Effective enforcement is crucial for the Code of Practice to translate into real‑world safety measures and to build public trust in AI innovation.
Speaker: Brando Benifei
What mechanisms can be created to allow CEOs and companies to take additional safety steps despite competitive geopolitical pressures?
Without supportive conditions, firms may prioritize market competition over safety, undermining responsible AI development.
Speaker: Sean
How can the international community bring AI leaders from the EU, the US, China and other regions to the table as equals to cooperate on AI safety and governance?
AI risks are global; coordinated, equitable cooperation is needed to prevent fragmented standards and to manage systemic threats.
Speaker: Sean
What domain‑specific trust controls and use‑case frameworks are needed for different sectors (e.g., medicine versus customer service) to ensure safe AI deployment?
Different applications have distinct risk profiles; tailored controls are essential for both productivity gains and public confidence.
Speaker: Paola
What governance structures should address the military use of AI and the associated loss‑of‑control risks?

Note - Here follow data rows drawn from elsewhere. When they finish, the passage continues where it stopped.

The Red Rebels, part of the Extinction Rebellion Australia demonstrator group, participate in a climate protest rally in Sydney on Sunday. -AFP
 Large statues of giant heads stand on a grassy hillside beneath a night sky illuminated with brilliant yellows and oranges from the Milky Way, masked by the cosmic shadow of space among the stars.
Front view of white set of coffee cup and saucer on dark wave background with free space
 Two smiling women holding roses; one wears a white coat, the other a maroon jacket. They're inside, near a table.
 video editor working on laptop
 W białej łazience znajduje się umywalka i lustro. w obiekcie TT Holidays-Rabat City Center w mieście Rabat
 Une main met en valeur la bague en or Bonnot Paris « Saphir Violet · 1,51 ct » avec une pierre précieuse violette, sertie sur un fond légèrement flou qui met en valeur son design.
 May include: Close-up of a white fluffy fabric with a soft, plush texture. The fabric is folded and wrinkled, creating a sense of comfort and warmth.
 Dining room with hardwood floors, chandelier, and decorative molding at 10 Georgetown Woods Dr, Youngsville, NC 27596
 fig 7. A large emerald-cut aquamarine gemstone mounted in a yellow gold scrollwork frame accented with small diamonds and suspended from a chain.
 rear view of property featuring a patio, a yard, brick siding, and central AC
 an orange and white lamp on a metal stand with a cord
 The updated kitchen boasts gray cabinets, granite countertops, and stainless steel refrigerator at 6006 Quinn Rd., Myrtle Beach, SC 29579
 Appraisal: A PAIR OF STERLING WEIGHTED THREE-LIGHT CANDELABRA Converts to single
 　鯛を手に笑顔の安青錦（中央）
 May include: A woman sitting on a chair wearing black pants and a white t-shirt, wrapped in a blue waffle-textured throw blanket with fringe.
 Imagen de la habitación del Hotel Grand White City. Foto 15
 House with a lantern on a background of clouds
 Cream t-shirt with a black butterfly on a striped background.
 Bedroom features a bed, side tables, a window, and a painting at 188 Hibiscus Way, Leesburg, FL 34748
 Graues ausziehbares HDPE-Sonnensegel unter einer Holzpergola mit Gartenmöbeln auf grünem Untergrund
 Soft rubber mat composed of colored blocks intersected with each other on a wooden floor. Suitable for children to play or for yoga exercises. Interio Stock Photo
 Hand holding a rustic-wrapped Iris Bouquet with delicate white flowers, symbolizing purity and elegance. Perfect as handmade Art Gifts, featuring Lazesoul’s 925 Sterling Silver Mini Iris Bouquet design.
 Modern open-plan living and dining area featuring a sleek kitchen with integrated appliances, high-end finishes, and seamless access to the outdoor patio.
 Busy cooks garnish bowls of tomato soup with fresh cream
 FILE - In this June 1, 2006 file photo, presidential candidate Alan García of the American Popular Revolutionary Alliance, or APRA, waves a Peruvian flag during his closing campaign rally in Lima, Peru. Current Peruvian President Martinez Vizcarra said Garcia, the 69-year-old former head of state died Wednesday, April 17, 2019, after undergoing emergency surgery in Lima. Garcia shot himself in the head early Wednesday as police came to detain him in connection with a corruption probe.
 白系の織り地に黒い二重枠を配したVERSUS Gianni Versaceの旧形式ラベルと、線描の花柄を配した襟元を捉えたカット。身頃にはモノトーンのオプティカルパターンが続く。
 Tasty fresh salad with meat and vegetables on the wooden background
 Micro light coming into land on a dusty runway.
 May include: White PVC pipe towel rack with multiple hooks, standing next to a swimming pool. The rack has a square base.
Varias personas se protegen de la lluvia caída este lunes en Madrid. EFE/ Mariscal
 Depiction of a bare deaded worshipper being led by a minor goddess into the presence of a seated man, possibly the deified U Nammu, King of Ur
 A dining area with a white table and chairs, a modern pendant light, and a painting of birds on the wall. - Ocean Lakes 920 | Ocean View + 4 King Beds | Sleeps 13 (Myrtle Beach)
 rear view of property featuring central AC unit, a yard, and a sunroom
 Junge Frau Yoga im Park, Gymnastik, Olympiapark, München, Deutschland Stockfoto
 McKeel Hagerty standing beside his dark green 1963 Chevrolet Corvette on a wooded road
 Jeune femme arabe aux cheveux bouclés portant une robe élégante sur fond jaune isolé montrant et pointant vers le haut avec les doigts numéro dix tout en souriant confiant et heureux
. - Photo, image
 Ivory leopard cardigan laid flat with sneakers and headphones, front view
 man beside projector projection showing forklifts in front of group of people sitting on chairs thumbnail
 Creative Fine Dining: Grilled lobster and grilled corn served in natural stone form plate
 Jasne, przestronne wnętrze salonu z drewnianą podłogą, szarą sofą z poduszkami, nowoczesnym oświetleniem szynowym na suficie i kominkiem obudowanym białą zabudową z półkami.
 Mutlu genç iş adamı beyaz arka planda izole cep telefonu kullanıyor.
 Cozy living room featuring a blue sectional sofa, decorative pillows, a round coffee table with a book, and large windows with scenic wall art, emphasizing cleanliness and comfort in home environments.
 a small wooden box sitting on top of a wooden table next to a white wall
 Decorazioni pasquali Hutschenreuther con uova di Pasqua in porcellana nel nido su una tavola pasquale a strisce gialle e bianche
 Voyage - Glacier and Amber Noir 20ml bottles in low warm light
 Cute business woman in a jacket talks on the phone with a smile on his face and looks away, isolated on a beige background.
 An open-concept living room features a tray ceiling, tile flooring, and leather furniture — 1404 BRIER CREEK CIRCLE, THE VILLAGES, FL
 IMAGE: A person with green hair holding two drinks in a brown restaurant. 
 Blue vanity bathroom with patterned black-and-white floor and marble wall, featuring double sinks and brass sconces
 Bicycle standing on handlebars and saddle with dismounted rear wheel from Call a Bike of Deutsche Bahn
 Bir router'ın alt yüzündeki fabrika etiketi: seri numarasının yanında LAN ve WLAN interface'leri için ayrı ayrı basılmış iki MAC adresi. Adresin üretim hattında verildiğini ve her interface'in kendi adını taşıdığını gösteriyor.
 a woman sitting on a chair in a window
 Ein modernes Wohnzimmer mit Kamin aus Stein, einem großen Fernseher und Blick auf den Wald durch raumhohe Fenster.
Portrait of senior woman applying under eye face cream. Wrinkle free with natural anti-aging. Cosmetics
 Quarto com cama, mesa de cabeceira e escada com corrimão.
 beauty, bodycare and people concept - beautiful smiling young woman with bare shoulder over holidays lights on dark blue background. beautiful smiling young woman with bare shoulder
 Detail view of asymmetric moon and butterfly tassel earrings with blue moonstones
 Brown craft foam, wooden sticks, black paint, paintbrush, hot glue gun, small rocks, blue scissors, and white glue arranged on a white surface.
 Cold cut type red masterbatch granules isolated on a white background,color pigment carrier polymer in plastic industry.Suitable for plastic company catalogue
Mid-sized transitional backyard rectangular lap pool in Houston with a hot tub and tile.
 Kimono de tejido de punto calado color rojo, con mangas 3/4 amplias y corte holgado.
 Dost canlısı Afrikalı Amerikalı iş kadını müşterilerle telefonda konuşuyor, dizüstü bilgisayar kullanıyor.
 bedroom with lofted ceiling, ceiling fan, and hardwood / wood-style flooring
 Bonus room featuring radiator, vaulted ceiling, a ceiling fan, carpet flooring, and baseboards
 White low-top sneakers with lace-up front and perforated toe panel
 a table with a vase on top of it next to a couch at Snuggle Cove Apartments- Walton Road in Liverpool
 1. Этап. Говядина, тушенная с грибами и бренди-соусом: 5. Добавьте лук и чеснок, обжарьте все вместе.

Military AI poses existential and security threats that require oversight beyond the private sector, demanding clear public‑institution leadership.
Speaker: Brando Benifei
What further research is required on loss‑of‑control risks and military AI, as highlighted by Professor Banjo’s work?
Understanding these high‑impact risks is necessary to design effective safeguards and inform policy decisions.
Speaker: Brando Benifei
Which safety chapters and standards in the Code of Practice can be adopted internationally as reference points for other countries?
Identifying harmonised standards facilitates global alignment and mutual recognition, strengthening worldwide AI safety governance.